Kampnagel-Intendantin Amelie Deuflhard wird vom Hamburger Antisemitismus-Beauftragten scharf kritisiert.
Kampnagel-Intendantin Amelie Deuflhard wird vom Hamburger Antisemitismus-Beauftragten scharf kritisiert. © FUNKE Foto Services | Marcelo Hernandez / FUNKE Foto Services

„Nicht richtig ist, dass ich sie im Bewusstsein ihrer Social-Media-Veröffentlichungen eingeladen habe. Aber in einem ausführlichen Gespräch, das ich mit ihr hatte, hat sie den Terroranschlag der Hamas deutlich verurteilt. Nach gründlicher Abwägung haben wir uns daher entschieden, ihre Position zur Klimagerechtigkeit hier auf Kampnagel zu zeigen.“ Deuflhard wolle „darauf achten“, dass Zamzam Ibrahim die Bühne nicht für andere politische Statements nutzt.

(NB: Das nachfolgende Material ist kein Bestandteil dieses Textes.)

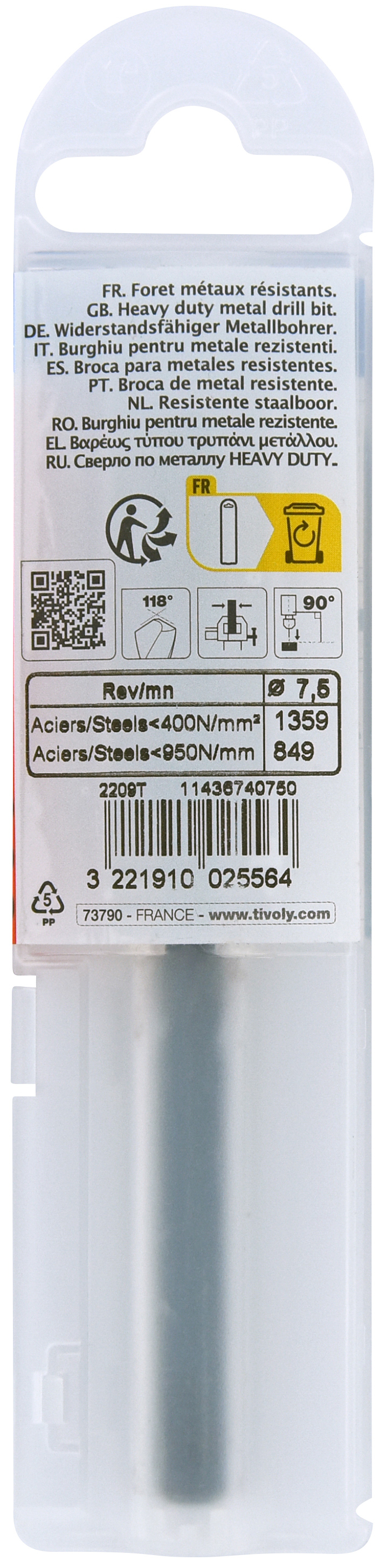 Foret métaux taillé meulé HSS -Revêtu STEAM -DIN338 -h8 -Pointe en croix Ø: 7.5 L: 109 TIVOLY - 11436740750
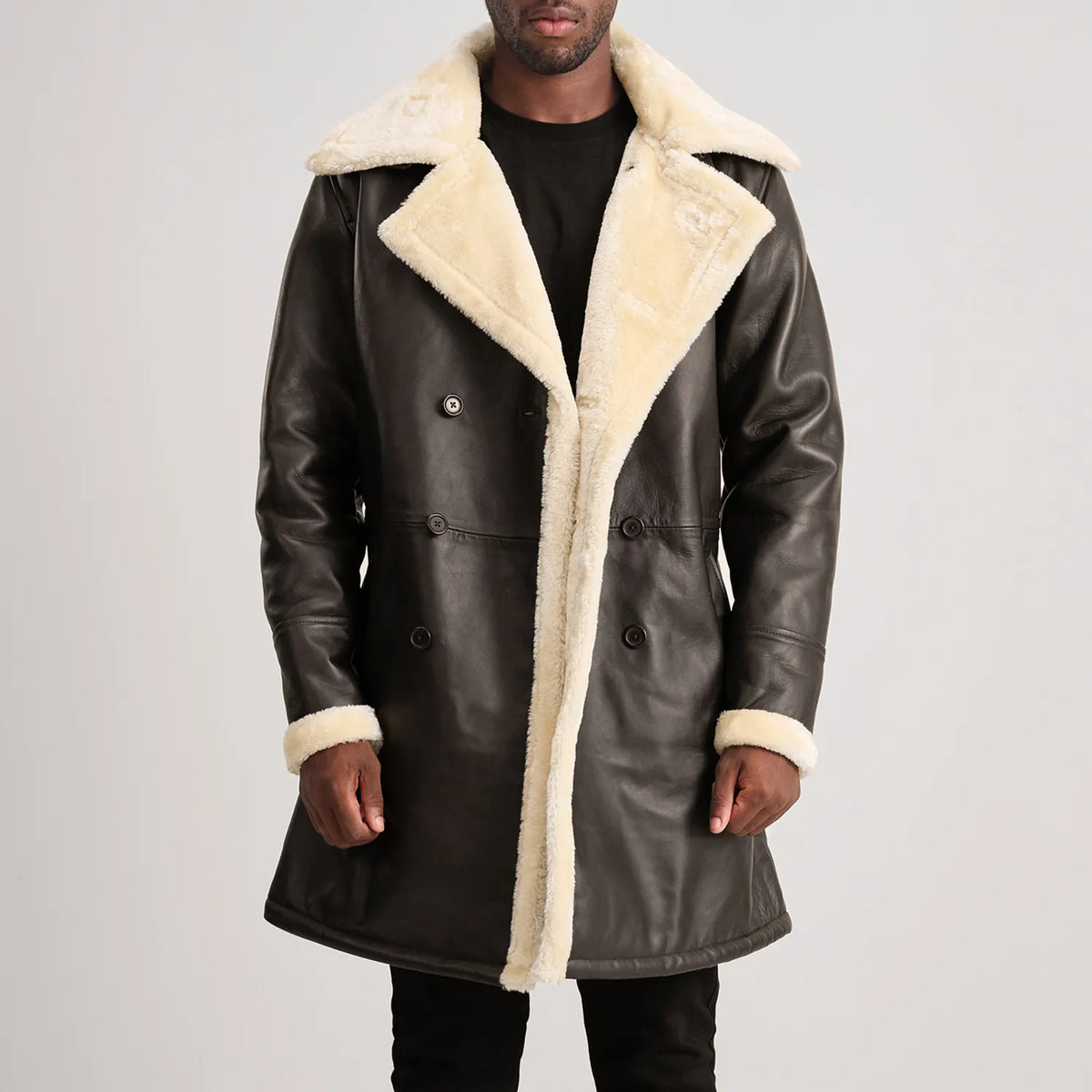 Tailored Rib Cuffs &amp; Hem Craftsmanship Construction Detail on Charles Brown Suede Leather Shearling Double-Breasted Coat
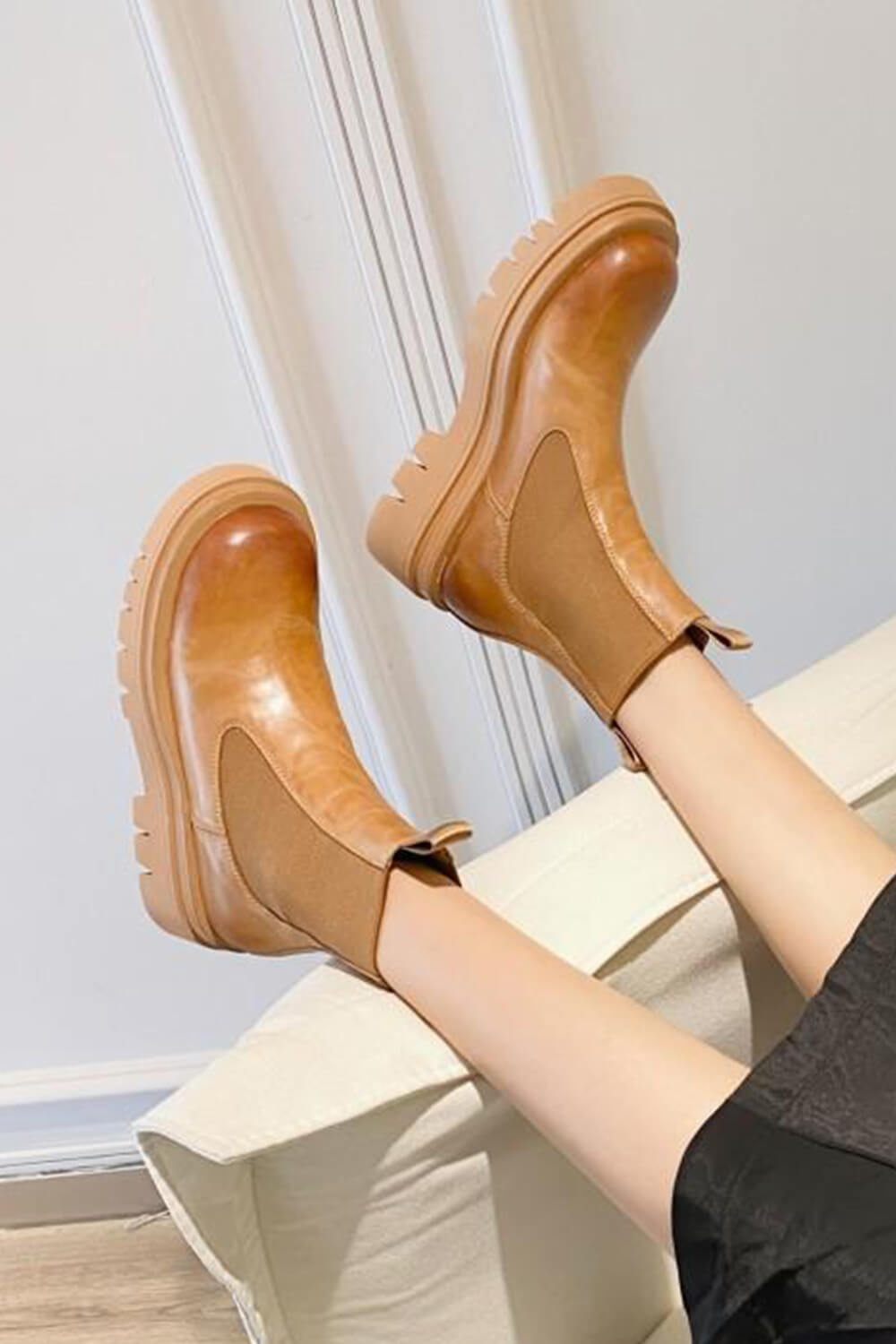 Camel Brown Chelsea Boots Thick Sole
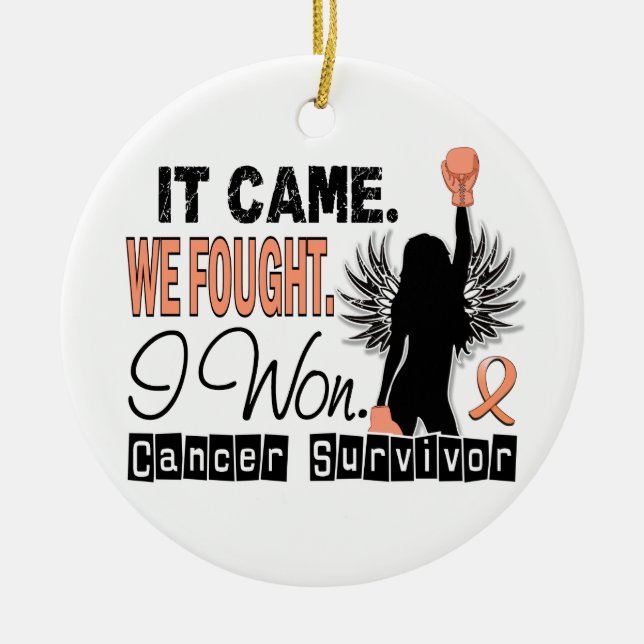 Survivor 22 Uterine Cancer Ceramic Tree Decoration (Front)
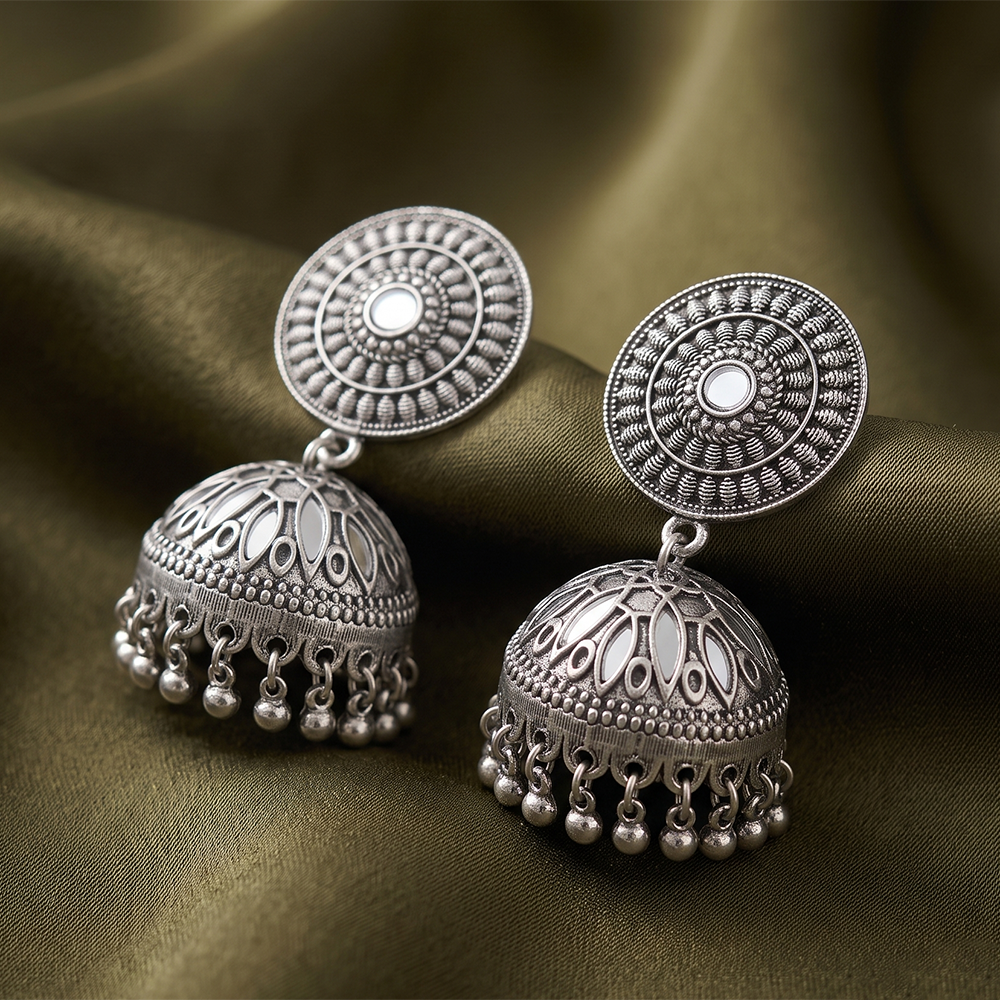 The99Jewel Stylish Oxidised Jhumki Earrings for Women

Gegebenenfalls werde sie eingreifen, sie nehme die Bedenken jüdischer Menschen sehr ernst.

Brosda über Zamzam Ibrahim: „Antisemitischen Äußerungen muss mit aller Entschiedenheit widersprochen werden“

Die Kritik an der Einladung bezeichnet Carsten Brosda als „sehr verständlich“. Es sei notwendig, die Einladung einer Rednerin mit dieser Haltung zu hinterfragen. „Den antisemitischen Äußerungen von Zamzam Ibrahim muss mit aller Entschiedenheit widersprochen werden“, so Brosda.

Bei dem dreitätigen – überwiegend künstlerischen – Klimaschwerpunkt, so der Senator, handele es sich nicht um eine explizit von der Behörde für Kultur und Medien geförderte Veranstaltung. Die Förderung sei auf Basis einer Jury-Entscheidung durch den Elbkulturfonds zustande gekommen. Der Staat dürfe über gesetzliche Regelungen hinaus keine Vorgaben zur inhaltlichen kulturellen Programmgestaltung unternehmen, die die künstlerische und programmliche Freiheit einschränken. Brosda setzt viel mehr auf eine Stärkung der „Sensibilität“ und der „Verantwortungsbereitschaft“ der Kultureinrichtungen.

Mehr zum Thema

Irritiert zeigt sich der Kultursenator darüber, dass der Antisemitismusbeauftragte zu dem Vorgang nicht das direkte Gespräch mit ihm gesucht habe. Hensel hatte ihm vorgeworfen, sich nicht öffentlich zu distanzieren und dies als „politische Bankrotterklärung“ bezeichnet.